Al Melvin las mujeres le duraban diez años, uno más uno menos. La primera vez que cantó en el restaurante Blackhawk de Chicago, todavía se apellidaba Torma. El hombre fue un genio de la madre, cantaba con orquestas desde los cuatro años, tocó en la banda de Chico Marx y sacó a cenar a la Marilyn. También era piloto aéreo. Su infancia no fue menesterosa, pero tampoco dejó de trabajar.
Algo más: se ganó el mote de The Velvet Fog por su voz que acariciaba a la vez que envolvía pero, como a él no le gustaba, Mel Tormé decía que tenía voz de velvet frog. Tamaño cumplido para todos los batracios, en todo caso.
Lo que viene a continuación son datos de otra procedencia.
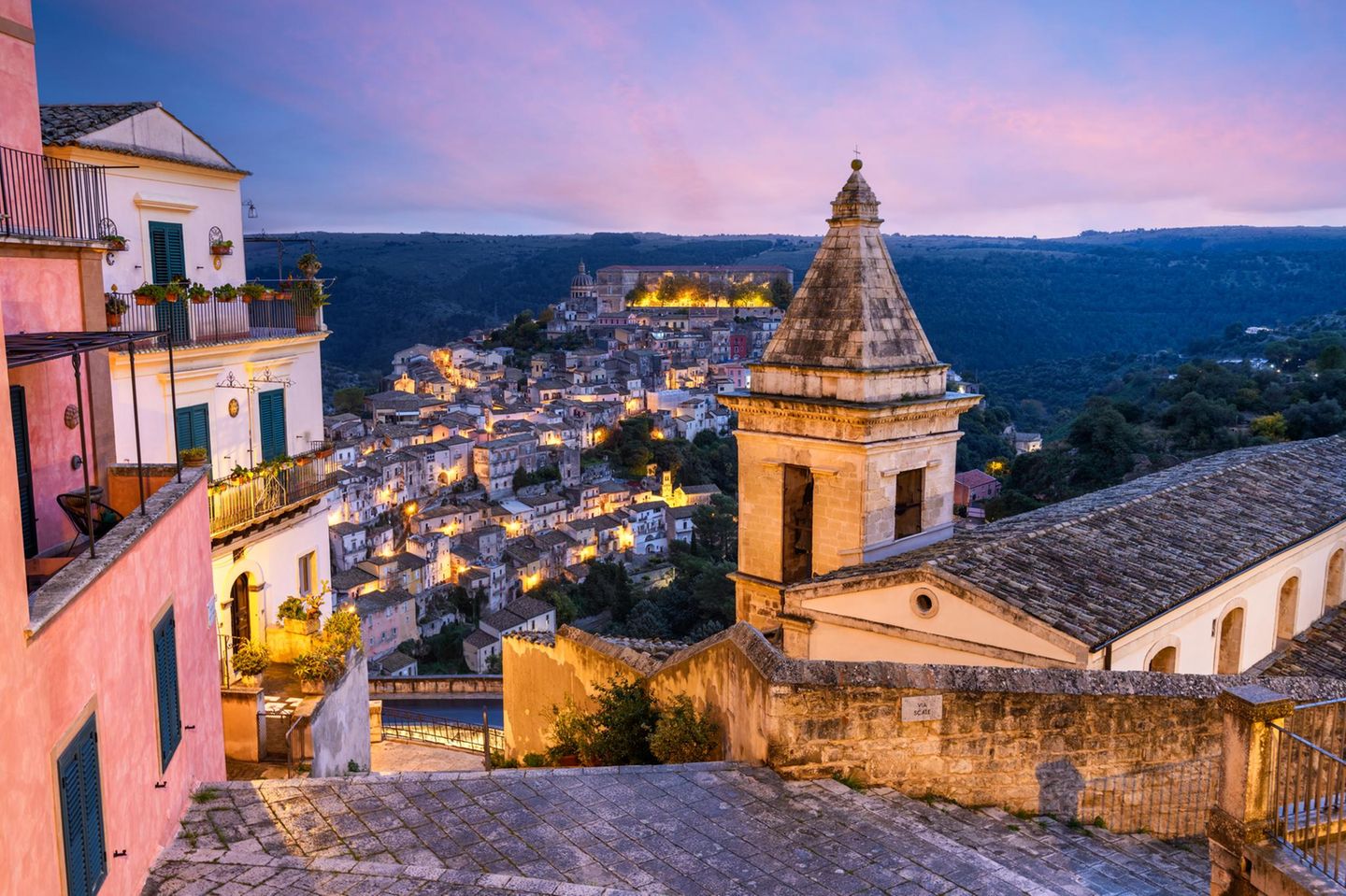 Ragusa auf Sizilien am Abend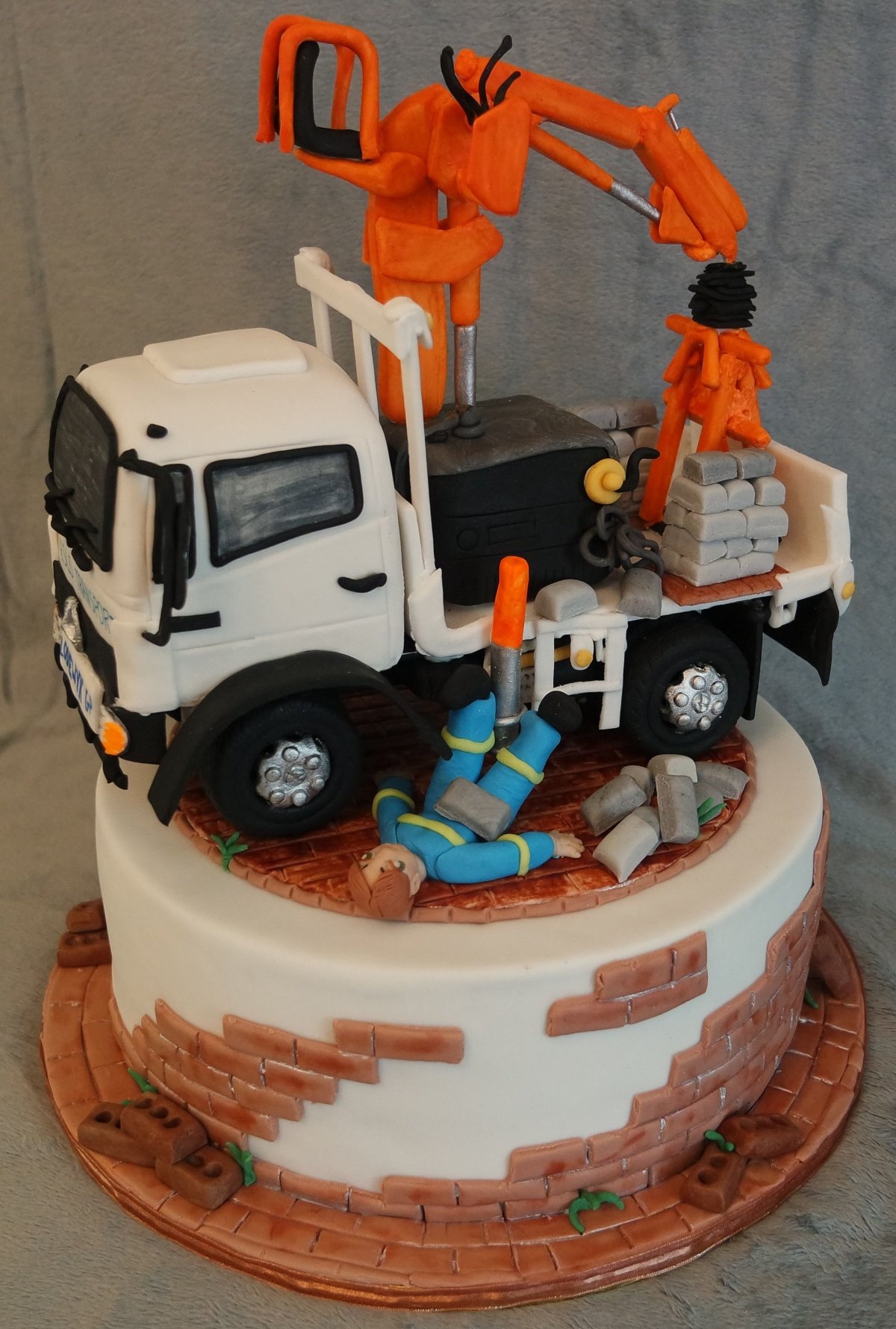 Торт в виде крана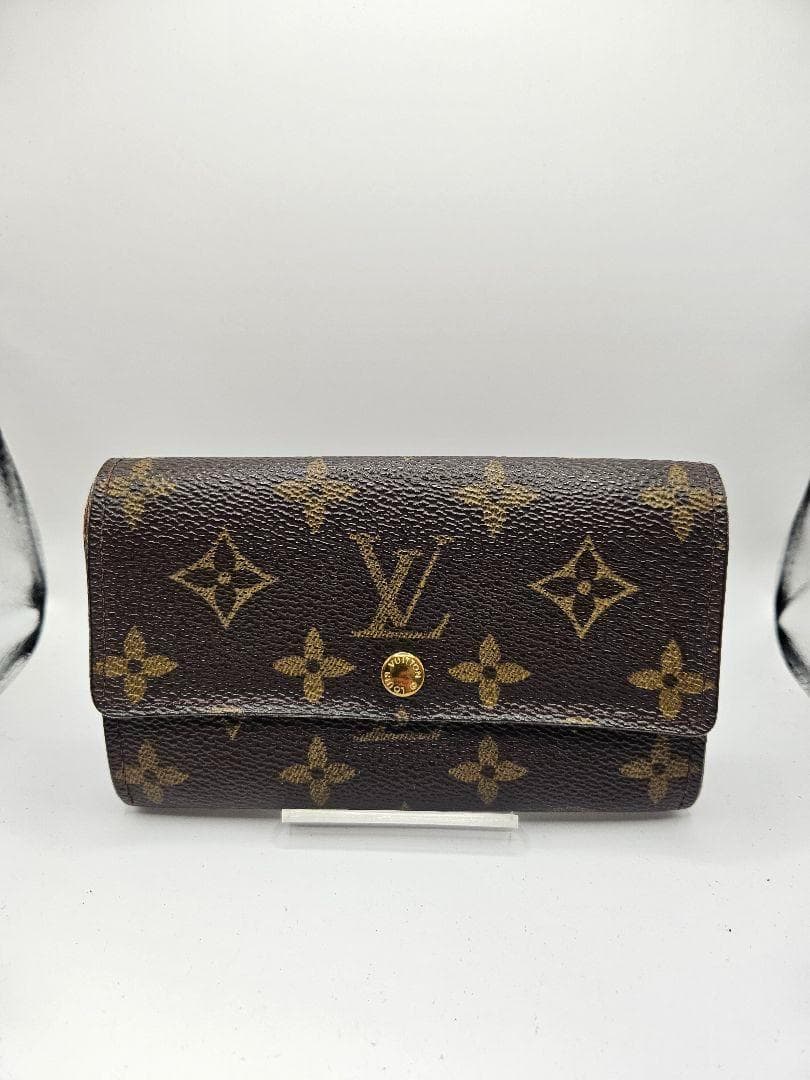 ルイヴィトン モノグラム ヴィクトリーヌ 三つ折り財布 ローズバレ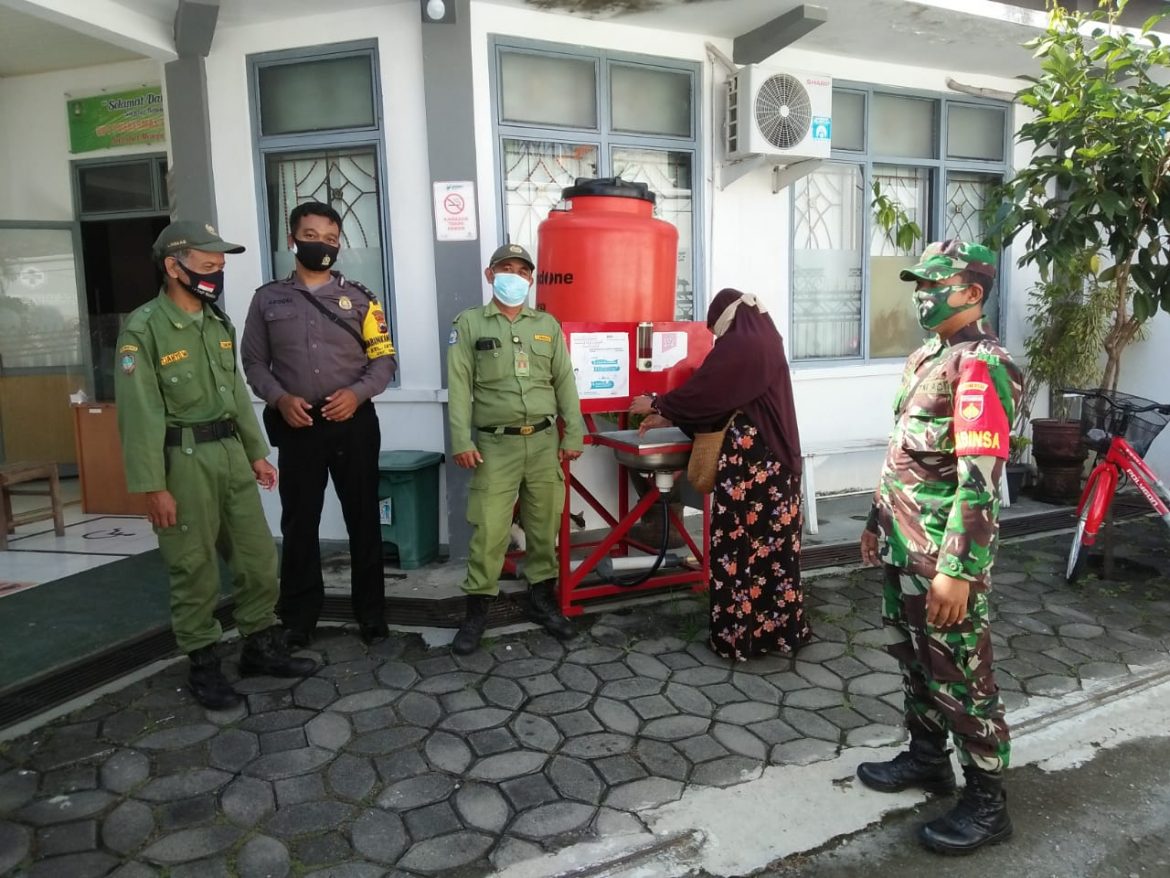 Babinsa Kelurahan Jayengan Melaksanakan Terapkan PPKM Bersama Babinkamtibmas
Debajo de esa carita de yo no fui, se escondía un hombre que sedujo a cuatro mujeres, llevándolas al altar de una en una, cada que cambiaba la década. Las mujeres, con él, siempre andaban al borde del matrimonio.
Vamos al jamón del sandwich: Mel Tormé tuvo la voz más hermosa que se podía permitir un hombre, y la combinó con un registro impoluto. Cuando improvisaba, avergonzaba a los mejores cantantes de scat, salvo dos o tres.
Con el arribo del rock ‘n roll, que a él le parecía bosta de tres acordes, el éxito comercial comenzó a eludirlo. Cantaba arreglos mediocres en clubs que no veían la luz y se desgastaba poco a poco. Igual en el sesenta y dos, su hit Coming Home, Baby le mereció que Ethel Waters dijera: “Tormé es el único blanco que canta con alma de negro”.
Desde los setenta, su carrera volvió a elevarse y, con ella, un nuevo mote le alcanzó: Blue Fox. El zorro azul cantó como un dios hasta el ’99, con la garganta desnuda. Su azul se mezclaba con las nubes.